There have been reported analyses of the utility scores from the general population associated with some of the events examined in this study. Tengs & Lin’s [16] QoL meta-analysis score for a moderate stroke was 0.68, whilst Leungo–Fernandez [65] found a moderate stroke score to be 0.63. In comparison, our study did not classify the severity of stroke but scored a slightly lower score of 0.59. Liem et al.’s [66] QoL estimate (TTO studies only) for patients undertaking peritoneal dialysis of 0.50 compared to our ESRD estimate of 0.48. The summary scores reported here appear generally lower than those based on the general population, which raises the important question as to whether diabetes actually has an additional impact on QoL. This is an important area for further research.

In regard to the use of these values in simulation models, the range in reported utility values do generate differences in QALYs, but the simulated range is generally less than one year for people who initially do not have any diabetic complications. The variation is much greater for patients with a prior history of these complications. For example, using the mean summary scores obtained from the meta-analysis, a 65-year-old male patient with stroke could expect a quality-adjusted life expectancy of 6.71 QALYs. However, if the maximum reported value from the literature was used, the expected QALYs would increase by 2.01 years, and if the minimum reported value was used, it would decrease by 3.15 years. Approximately 50% variation in remaining lifetime QALYs. Despite the high variation in lifetime QALYs obtained by using different sets of utility values, the incremental QALYs gained as a result of a theoretical therapy to reduce Hba1c only had slight variation regardless of which utility scores were used. This suggests the variation in utility values may have less of an impact on evaluative studies measuring incremental effects than studies looking into the burden of disease.

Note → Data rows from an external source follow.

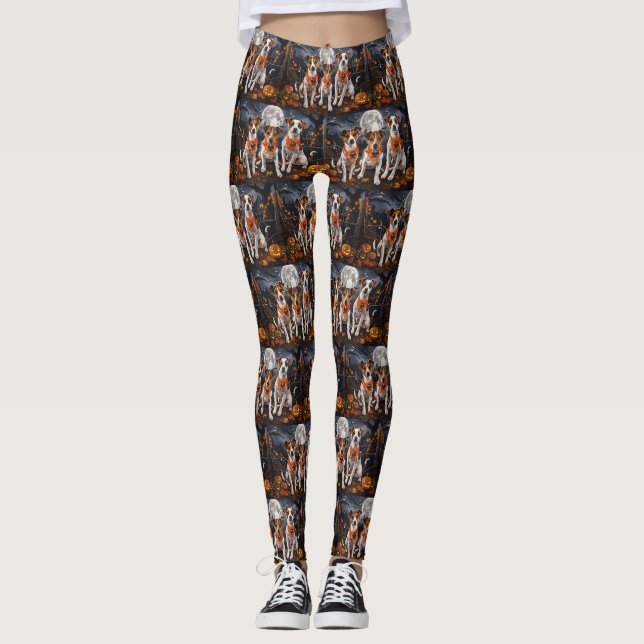 Jack Russell Halloween Spooky Leggings (Front)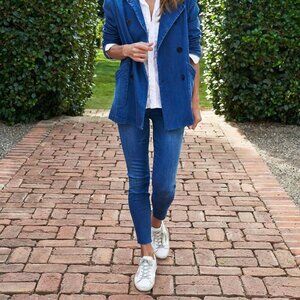 Frank & Eileen Sligo Easy Fit Skinny Jean In Medium Wash Raw Hem Size 27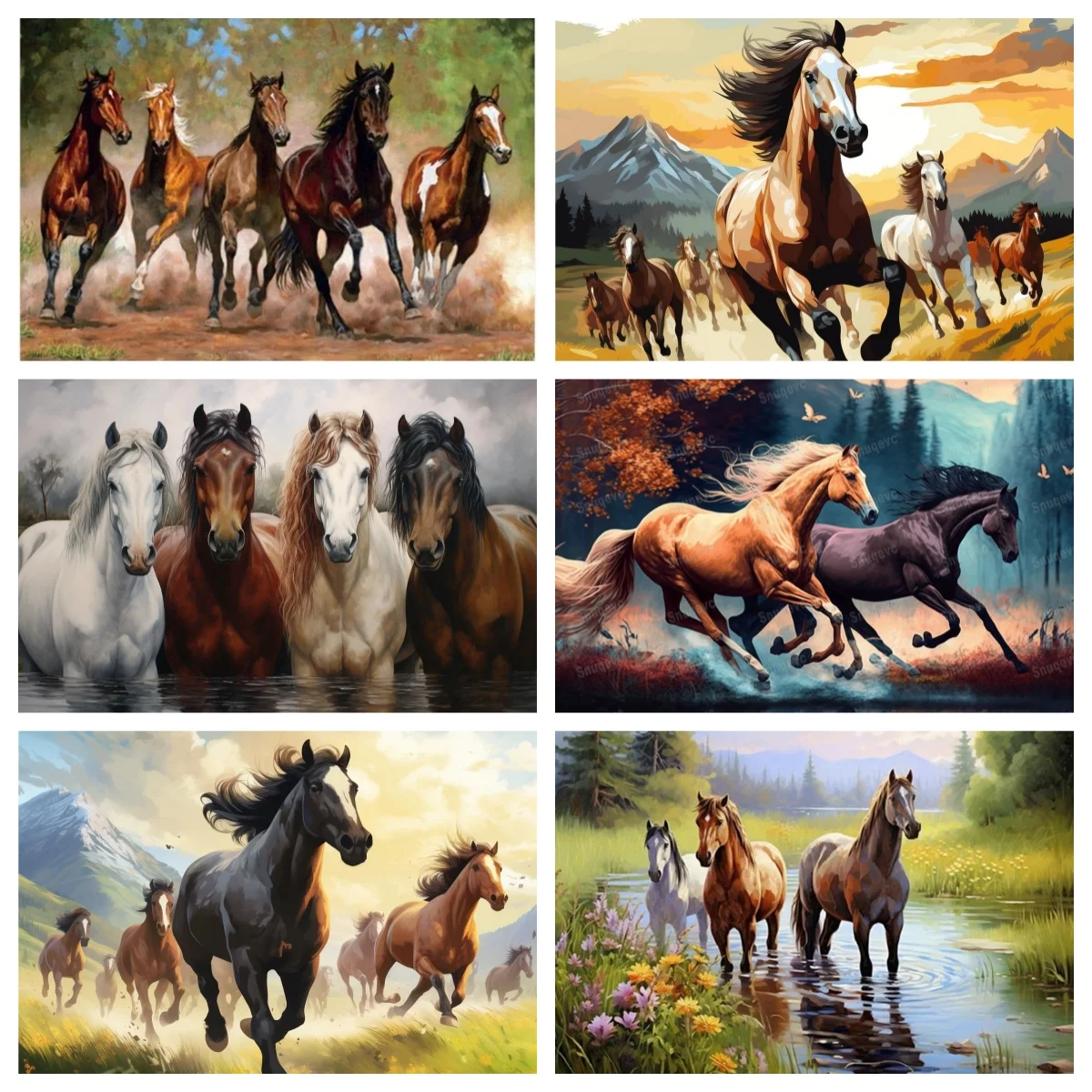 

Herd of Horses Running Views DIY Diamond Painting Kit Full Drill Pictures of Rhinestones Wild Horse lover Gift Ranch Decor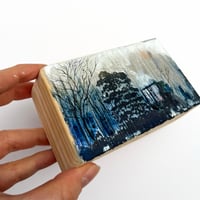 Image 4 of Tiny Silver Shed Landscape on wooden block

A motivation for this study has been the lack of reference values of utilities for diabetes and complications of diabetes that are used in economic evaluations of diabetes prevention and management. Cost-utility analyses may take the form of spreadsheet calculations, Markov modelling or more complex computer simulation modelling, but currently there seems to be no clear procedure by which to determine the most appropriate utility values to use in an analysis. In this context, an advantage of undertaking a meta-analysis is that it provides both an average value as well as extreme values that could be used in a sensitivity analysis. Such an approach could improve the comparability of models, as well as eliminate the possibility that a particular utility value has been chosen to produce a desired outcome. By providing a range of values alongside the summary utility scores, this could be useful in helping inform outcomes used in economic evaluations and policy analysis. This is particularly important in the field of diabetes as there is considerable heterogeneity in the utility values between studies. The greater use of meta-analysis of HRQoL outcomes would seem particularly important when they are used to help inform economic evaluations for re-imbursement decisions of new diabetes therapies and technologies (such as by NICE [67] and PBAC [68]).

In conclusion, this study represents one of the first meta-analyses of preference-based outcomes for diabetes patients and diabetic complications. There was a large range of utility values for diabetes patients, and its complications found in the literature search due in part to the average age, proportion of males in the study and the elicitation method. These can produce substantial differences in QALYs estimates for people with diabetes, particularly those experiencing major complications. However, our results of testing a hypothetical new diabetes therapy showed that the heterogeneity of utility values had a lesser impact on the incremental QALYs gained for a new diabetes therapy or intervention.